> Description of the task
Find the line containing "NƯỚC HOA MINI" in the records below. Copy exactly that line and each one after it, ending at the line containing "Real-Life Saving Strategies", and nothing more.

> Given entries
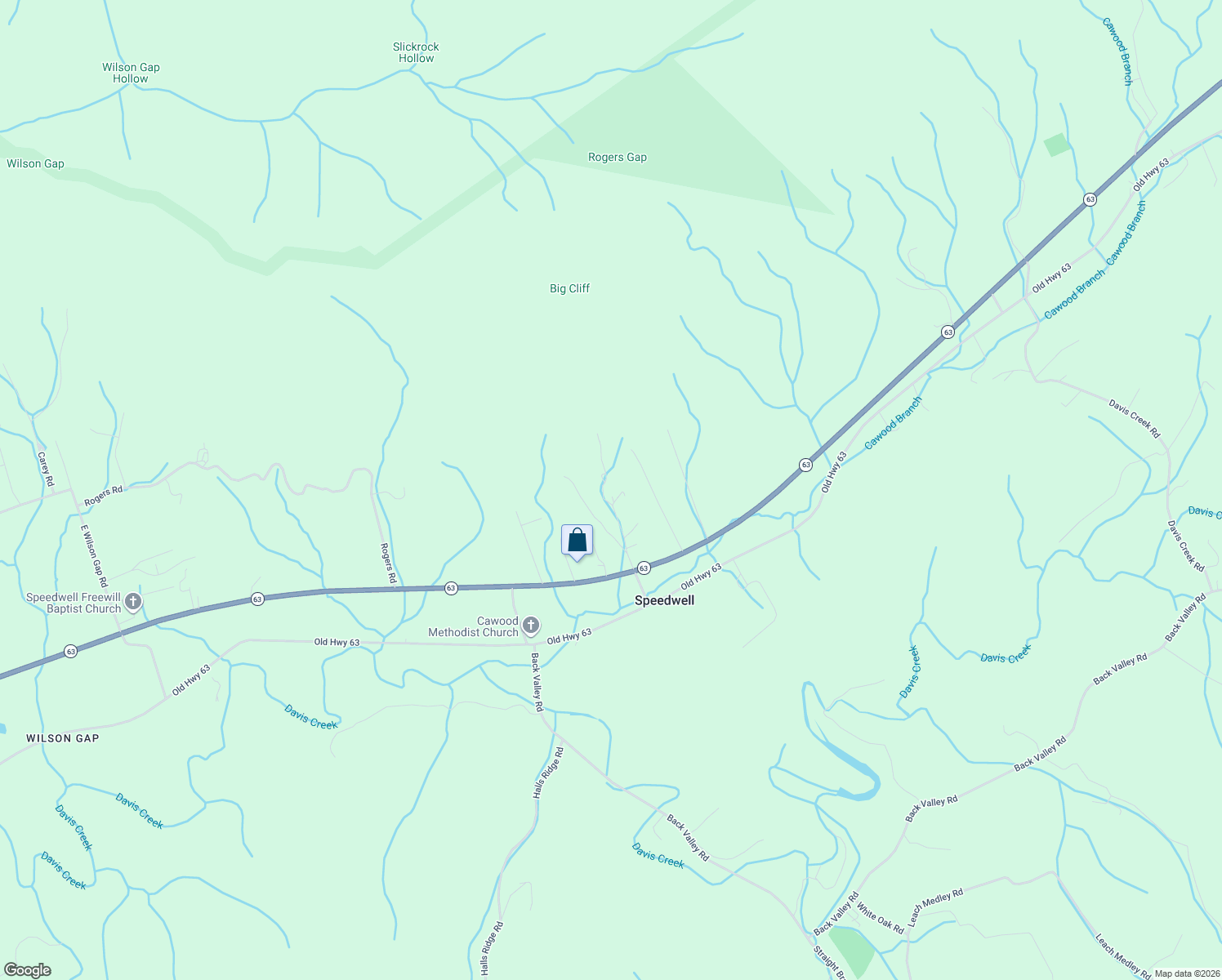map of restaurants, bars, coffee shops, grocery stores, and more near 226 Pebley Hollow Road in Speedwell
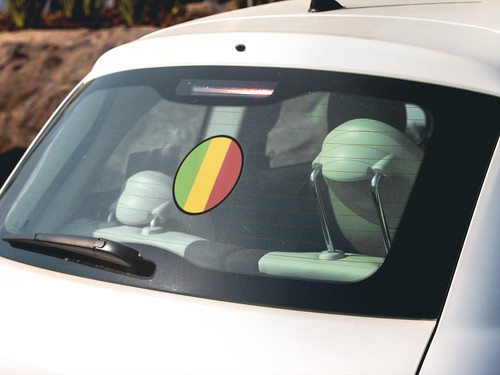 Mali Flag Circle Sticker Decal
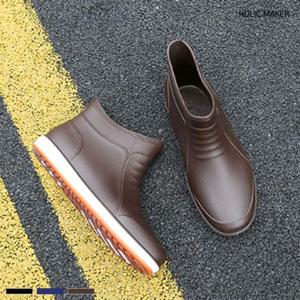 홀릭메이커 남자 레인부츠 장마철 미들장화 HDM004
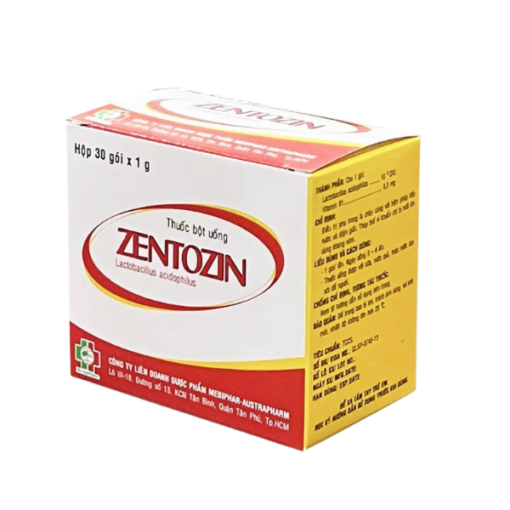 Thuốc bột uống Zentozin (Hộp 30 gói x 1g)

---

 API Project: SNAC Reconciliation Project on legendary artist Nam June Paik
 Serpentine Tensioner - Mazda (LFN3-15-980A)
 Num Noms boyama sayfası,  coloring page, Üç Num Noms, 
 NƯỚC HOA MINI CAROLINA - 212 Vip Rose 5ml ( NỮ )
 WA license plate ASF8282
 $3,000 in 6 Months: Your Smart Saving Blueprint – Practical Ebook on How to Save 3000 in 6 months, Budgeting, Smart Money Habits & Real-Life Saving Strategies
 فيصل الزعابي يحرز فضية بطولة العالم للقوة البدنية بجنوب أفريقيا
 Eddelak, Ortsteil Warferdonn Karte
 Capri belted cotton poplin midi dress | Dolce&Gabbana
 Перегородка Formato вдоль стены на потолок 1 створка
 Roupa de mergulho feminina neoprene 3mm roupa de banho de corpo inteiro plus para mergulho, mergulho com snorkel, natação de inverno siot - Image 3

> Response area
 NƯỚC HOA MINI CAROLINA - 212 Vip Rose 5ml ( NỮ )
 WA license plate ASF8282
 $3,000 in 6 Months: Your Smart Saving Blueprint – Practical Ebook on How to Save 3000 in 6 months, Budgeting, Smart Money Habits & Real-Life Saving Strategies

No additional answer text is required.